Economical production of Pichia pastoris single cell protein from methanol at industrial pilot scale

Abstract

Abstract Background Methanol, synthesized from CO2, is a potentially sustainable one-carbon (C1) resource for biomanufacturing. The use of methanol as a feedstock to produce single cell protein (SCP) has been investigated for decades as an alternative to alleviate the high global demand for animal-derived proteins. The methylotrophic yeast Pichia pastoris is an ideal host for methanol-based SCP synthesis due to its natural methanol assimilation ability. However, improving methanol utilization, tolerance to higher temperature, and the protein content of P. pastoris are also current challenges, which are of great significance to the economical industrial application using methanol as a feedstock for SCP production. Results In the present work, adaptive laboratory evolution (ALE) has been employed to overcome the low methanol utilization efficiency and intolerance to a higher temperature of 33 °C in P. pastoris, associated with reduced carbon loss due to the lessened detoxification of intracellular formaldehyde through the dissimilation pathway and cell wall rearrangement to temperature stress resistance following long-term evolution as revealed by transcriptomic and phenotypic analysis.
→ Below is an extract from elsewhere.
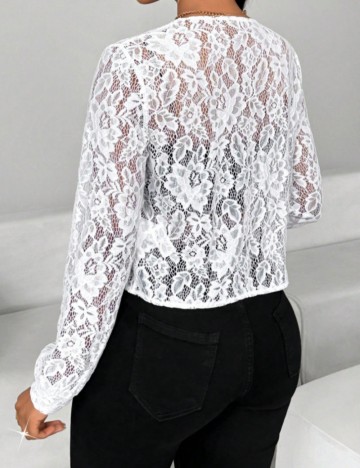 Cardigan Shein, alb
By strengthening nitrogen metabolism and impairing cell wall synthesis, metabolic engineering further increased protein content. Finally, the engineered strain via multi-strategy produced high levels of SCP from methanol in a pilot-scale fed-batch culture at 33 °C with a biomass of 63.37 g DCW/L, methanol conversion rate of 0.43 g DCW/g, and protein content of 0.506 g/g DCW. SCP obtained from P. pastoris contains a higher percentage of protein compared to conventional foods like soy, fish, meat, whole milk, and is a source of essential amino acids, including methionine, lysine, and branched-chain amino acids (BCAAs: valine, isoleucine, leucine). Conclusions This study clarified the unique mechanism of P. pastoris for efficient methanol utilization, higher temperature resistance, and high protein synthesis, providing a P. pastoris cell factory for SCP production with environmental, economic, and nutritional benefits.